We are on the record of the matter. After a three-and-a-half-week trial, a jury agreed with Asha.
We, the jury in the above-entitled action, find the defendant, Lyle Stanford Herring Sr., guilty of the crime of murder. June 2013, Lyle Herring was sentenced to 15 years to life for murder in the second degree.
It's not quite the end, because Lyle is holding on to one last secret from a marriage that apparently had a lot of them. He's never told anyone where Leslie's body is.
Lyle's probably going to see this program. I know.
Anything you want to say to him? Yes. We pray that you will tell us where Leslie is so we could have closure in our life.
We know that you know exactly where she is. Through her pain and loss, Asha is trying to find a lesson.
It's so important to me that women or anyone who's fearful about what other
people are going to think about the way they're living their life. It's hard to not live up to
what we think is success, but it's so much more important that you share even your sadness with
people. You wish Leslie had talked to you.
I really, really wish she had. Yeah, I do.
I think,
I don't think I'd be here right now. But Asha has also had an opportunity to bring some laughter back into this family.

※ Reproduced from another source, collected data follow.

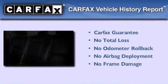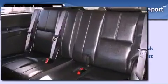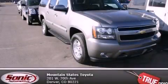Not to mention that this Chevrolet qualifies for the Carfax Buy Back Guarantee. Contact us today to schedule your opportunity to see this automobile in person.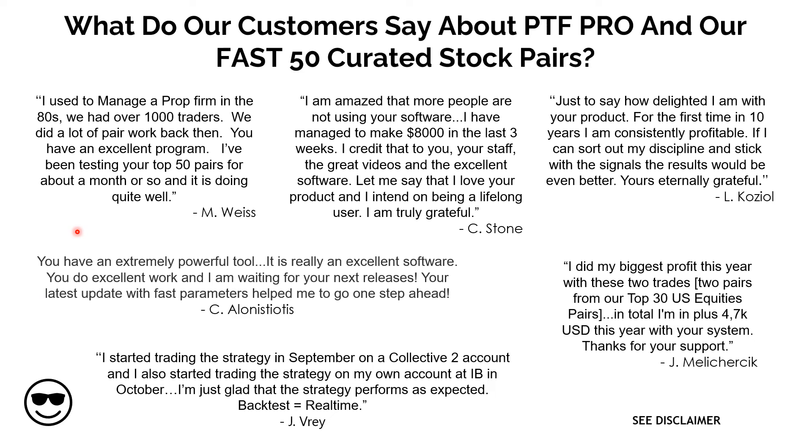What do our customers say? We've pulled a few quotes here from unsolicited feedback received from our customers. One that I always like to highlight: 'Just to say how delighted I am with your product — for the first time in 10 years as a trader, I am consistently profitable. If I can sort out my discipline and stick with the signals, the results would be even better.' Yours eternally grateful. That's the kind of thing we work for here at Pair Trade Finder. We're all about teaching you how to become a consistently profitable pair trader and generate substantial recurring income from your trading.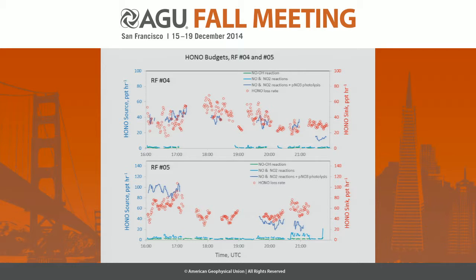We calculated the contribution from particulate nitrate photolysis using our own photolysis rate constant for each flight and our particulate nitrate measurements. The measurements are not continuous — sometimes we have the data, sometimes we don't. But what you can see is that particulate nitrate photolysis is obviously the predominant source of HONO in the relatively clean air mass. Of course, in urban plumes or power plant plumes, N2O5 could be important precursors.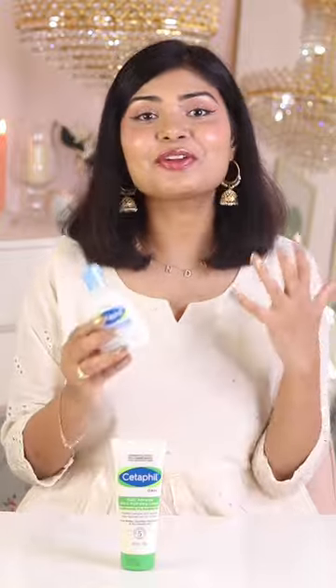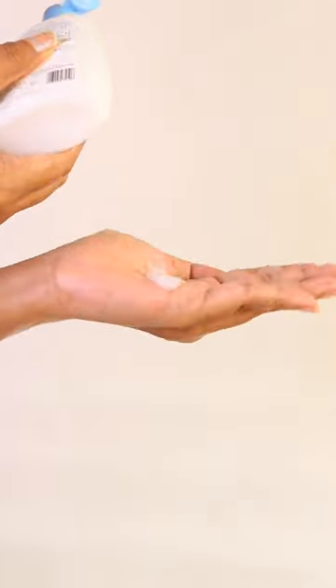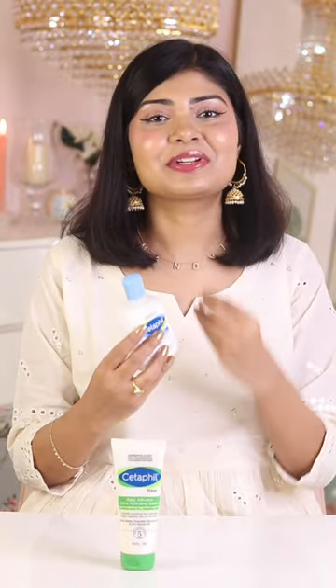Cetaphil Gentle Skin Cleanser. I found the old formulation to be simple yet effective, but the new formula has some of my favorite ingredients like niacinamide. It defends against the five signs of sensitivity: weak skin moisture barrier, dryness, roughness, tightness, and irritation. The new creamy cleansing formulation is gentle on the skin but cleans without disrupting the skin barrier.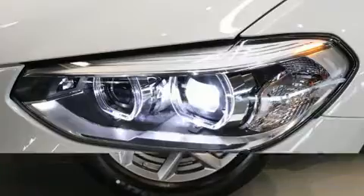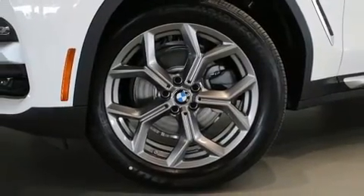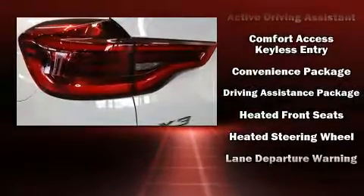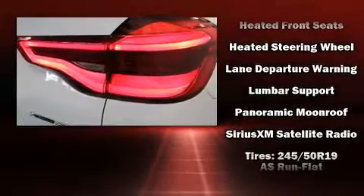BMW also prioritized safety and security with features such as dual front impact airbags, front side impact airbags, traction control, ignition disabling, an emergency communication system, and four-wheel disc brakes with ABS.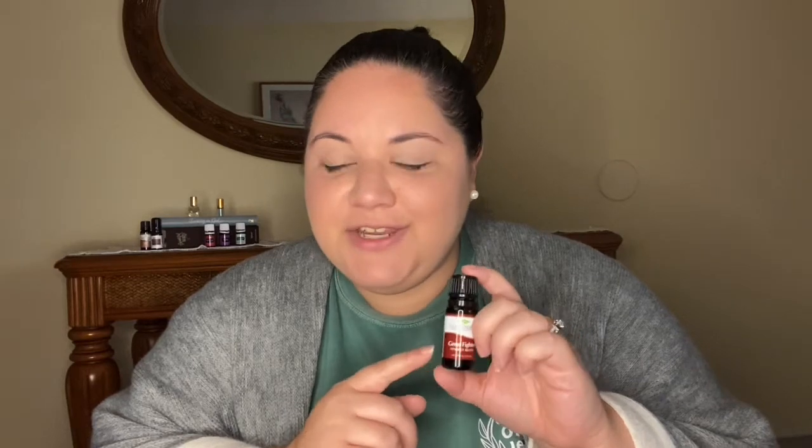Germ Fighter also comes in a roll-on, and you can get it in various sizes — the 30 ml, and I think it comes in 100 ml as well. I will leave the link down below. Also, shameless plug: if you have never shopped Plant Therapy before, the link down below will give you $10 off your first purchase of, I believe, $20 to $25. So definitely take advantage of that.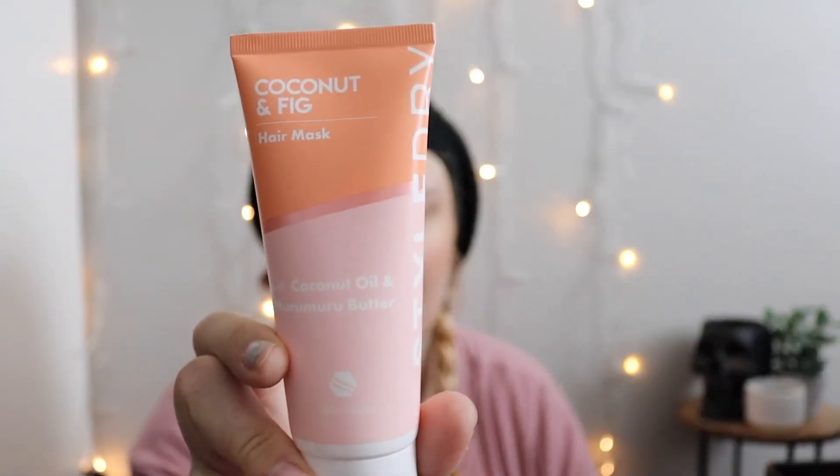Next is the Style Dry Coconut and Fig Hair Mask, and this is $16.95. I'm not gonna open this because I tend to be very picky when it comes to my hair. I tend to only use certain brands that I know will work for my hair very well. It has a safety seal, so I don't want to open it. Can't smell anything. So there's that hair mask — $16.95.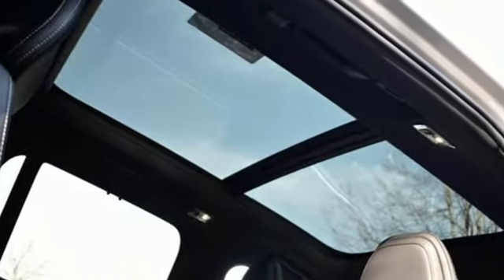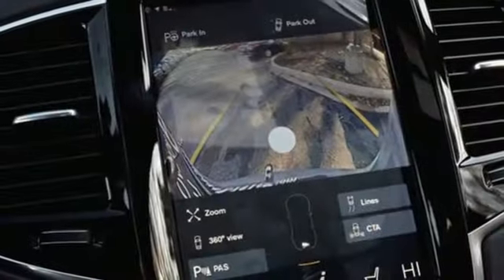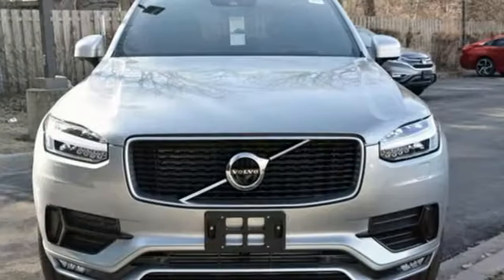Integrated navigation system with voice activation, auto dimming mirrors, multi-zone climate control, pilot assist autonomous cruise control, remote engine start smart device.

A few years after Leslie vanished, Asha starred in a web series called The Unwritten Rules. It's a comedy about a black woman working one of those deathly dull jobs in a mostly white office.
It's a little like Leslie's life. And I read those scripts and I just, I felt Leslie, I felt her in my heart.
I felt, I laughed again the way she used to make me laugh. So excited to be back with my racy.
I missed you, girl. I did.
And so one sister
is paying homage to another. It won't bring Leslie back, but it makes her loss a little
less painful. In this Hollywood story, it's the only happy ending that's available.
That's all for now. I'm Lester Holt.